Cross the river by feeling the stones.
Mōzhe shítou guòhé.
— 摸 mō, touch
— 石头 shítou, stone
— 过 guò, cross
— 河 hé, river
The new popular expression “Cross a river by feeling the stones” originally refers to the pragmatic policy of Deng Xiaoping, to move ahead with economic reforms slowly and pragmatically. You can learn to use such new expression in your daily Chinese conversation. If you want to express your experience for the first-time trial, you can say like that –
Well, I didn’t know whether we would succeed or not when I was first trying. I just crossed the river by feeling the stones too ( 我也是摸着石头过河 Wǒ yěshì mōzhe shítou guòhé) .
Confucian society defines success on a singular pattern. The route to success is under a “no pain, no gain” belief, like working out, like going to the gym, like diet. I’m going to go to pain, but I know I will get muscles and I will lose weight. It is certain - if I suffer, if I command, I can win. Capitalism, on the other hand, is based on the individual. He shapes his own definition. Success route is based on high risk, high return, just like what you’re learning from efficient capital market. But it is uncertain. It is not certain.
To get rich is glorious, that is the ideal, but how can I get there? DENG Xiaoping said crossing the river by feeling the stones. “摸着石头过河(mōzhe shítou guòhé)。” Not so certain, is it?

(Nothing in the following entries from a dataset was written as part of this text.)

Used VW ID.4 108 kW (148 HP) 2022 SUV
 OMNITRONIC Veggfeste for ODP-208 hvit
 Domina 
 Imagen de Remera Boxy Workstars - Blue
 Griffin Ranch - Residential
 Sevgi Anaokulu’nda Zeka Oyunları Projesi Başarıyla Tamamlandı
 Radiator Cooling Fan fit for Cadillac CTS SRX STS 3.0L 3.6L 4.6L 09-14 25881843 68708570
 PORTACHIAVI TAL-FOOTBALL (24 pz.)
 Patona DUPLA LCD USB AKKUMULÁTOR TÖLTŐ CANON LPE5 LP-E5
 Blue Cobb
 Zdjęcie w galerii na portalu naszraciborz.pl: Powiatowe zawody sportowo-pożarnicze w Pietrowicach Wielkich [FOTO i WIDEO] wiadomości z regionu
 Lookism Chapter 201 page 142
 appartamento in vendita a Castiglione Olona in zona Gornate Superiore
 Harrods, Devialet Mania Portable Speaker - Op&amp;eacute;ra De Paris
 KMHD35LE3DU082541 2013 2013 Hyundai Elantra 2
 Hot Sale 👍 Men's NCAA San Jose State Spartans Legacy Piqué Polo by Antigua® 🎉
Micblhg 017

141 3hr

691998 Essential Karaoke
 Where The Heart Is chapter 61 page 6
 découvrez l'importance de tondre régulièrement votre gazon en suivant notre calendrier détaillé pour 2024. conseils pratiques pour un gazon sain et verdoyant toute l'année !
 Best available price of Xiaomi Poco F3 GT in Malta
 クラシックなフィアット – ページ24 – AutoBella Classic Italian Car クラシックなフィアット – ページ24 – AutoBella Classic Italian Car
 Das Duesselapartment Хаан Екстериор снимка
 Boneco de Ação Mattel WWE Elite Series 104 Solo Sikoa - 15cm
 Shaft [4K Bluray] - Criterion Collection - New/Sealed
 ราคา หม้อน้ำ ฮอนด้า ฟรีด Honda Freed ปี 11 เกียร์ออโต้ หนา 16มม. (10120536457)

Crossing the river by feeling the stones - it’s a trying period, it’s risk-taking, it’s a maze. ChineseHour has the story in detail.
The Chinese leadership remains fairly conservative in their “liberalization” or “reform” efforts. “Crossing the river by feeling the stones” became China’s mode of economic reform, it means implementing partial reforms in an experimental manner, often in a few regions, and expanding them upon proven success.
There were several reasons for this approach. First, gradualism was a means to circumvent political resistance against reforms. Second, gradual, experimental reform was a pragmatic approach in a heavily distorted environment in which ‘first best’ solutions were unlikely to apply. Experimental reforms, confined to specific regions or sectors, allowed the authorities to gather information on effects that could not be analysed in advance. They were also necessary to develop and test the administrative procedures and complementary policies needed to implement the reforms. With proven success the experiment could be expanded to other regions and sectors. Third, experimental reform may have suited the Chinese culture well as a means to avoid ‘loss of face’: if an experiment did not work, it could be abandoned as an experiment, rather than considered a policy failure.